Falco ha voluto così omaggiare Natale Giletta e Domenico Dellerba i reduci della ritirata di Russia recentemente scomparsi.

Nonostante l’età il reduce ha poi percorso a piedi con il corteo, a passo scandito dalla fanfara alpina di Moretta, la distanza tra il monumento di corso Ancina e la parrocchia di Maria Ausiiatrice, dove si è tenuta la messa celebrata da don Silvio Eandi. Il presidente della Monviso, Giorgio Carena nel suo intervento ha ricordato anche l’ultimo reduce alpino di Russia della Monviso, Ferdinando Chiabrando di Martiniana.

Presenti alla cerimonia di domenica i vessilli delle sezioni di Cuneo, Mondovì, Ceva e Pinerolo, oltre al vessillo di Saluzzo. In prima fila più di 60 gagliardetti, davanti a 400 alpini, le associazioni d'arma con i loro labari e vessilli, una rappresentanza dei militari in armi del 32° reggimento genio di Fossano, un ufficiale del secondo reggimento alpini di Cuneo e un tenente colonnello del primo da montagna di Fossano. A rappresentare il comune di Saluzzo, il sindaco Calderoni e il vice sindaco Demaria che ha tenuto l'orazione ufficiale.
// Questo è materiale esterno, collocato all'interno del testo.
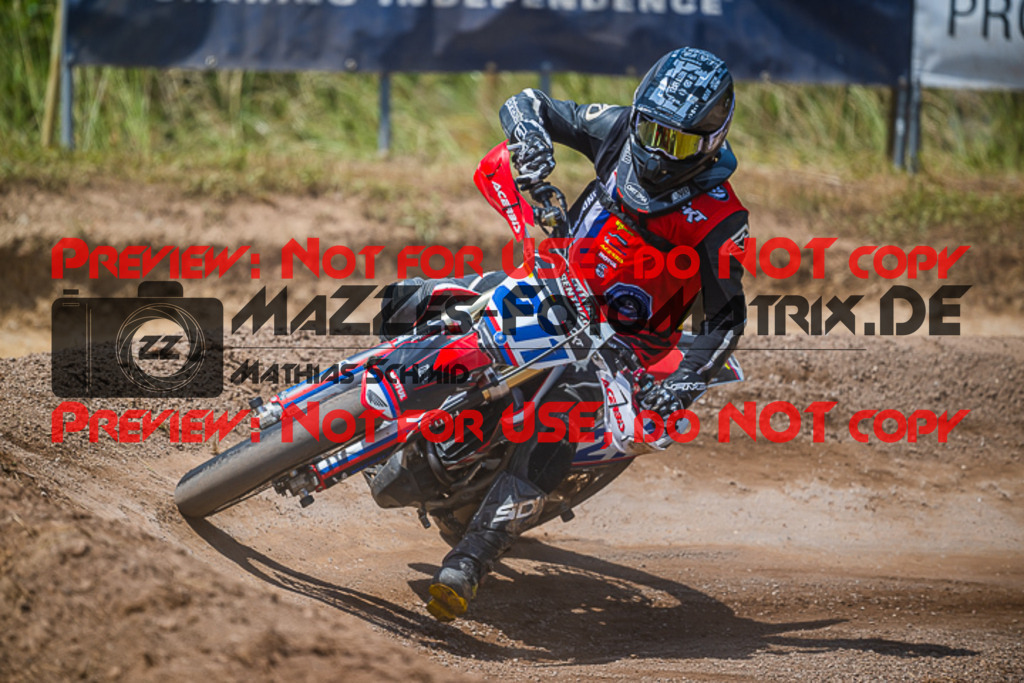 MaZZes_FotoMatrix_220619_3807 | S4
«Dal 1945 - ha ricordato Demaria - era calato un terribile silenzio, forse doveroso, forse necessario, serviva il tempo per arginare le ferite. Un silenzio durato decenni. Solo più tardi sono emerse le testimonianze, i numeri. Sono fresche le testimonianze del Capitano Domenico Mina: ci raccontava tutto il suo dolore, non per quello che aveva patito la sua persona, ma per i suoi soldati che erano caduti colpiti dal fuoco nemico o per il freddo e la fame. Per loro dobbiamo metterci sull’attenti, dire grazie. Ogni anno questo momento diventa più importante, vengono meno i testimoni diretti e tocca a noi raccogliere il testimone poiché pare che questa tragedia, così come l’Olocausto, vengano progressivamente messi in discussione. Questa consapevolezza - ha concluso Franco Demaria - deve essere nostra ancora di più oggi, dove si ripetono azioni di intolleranza che vanno oltre la provocazione, anche da noi».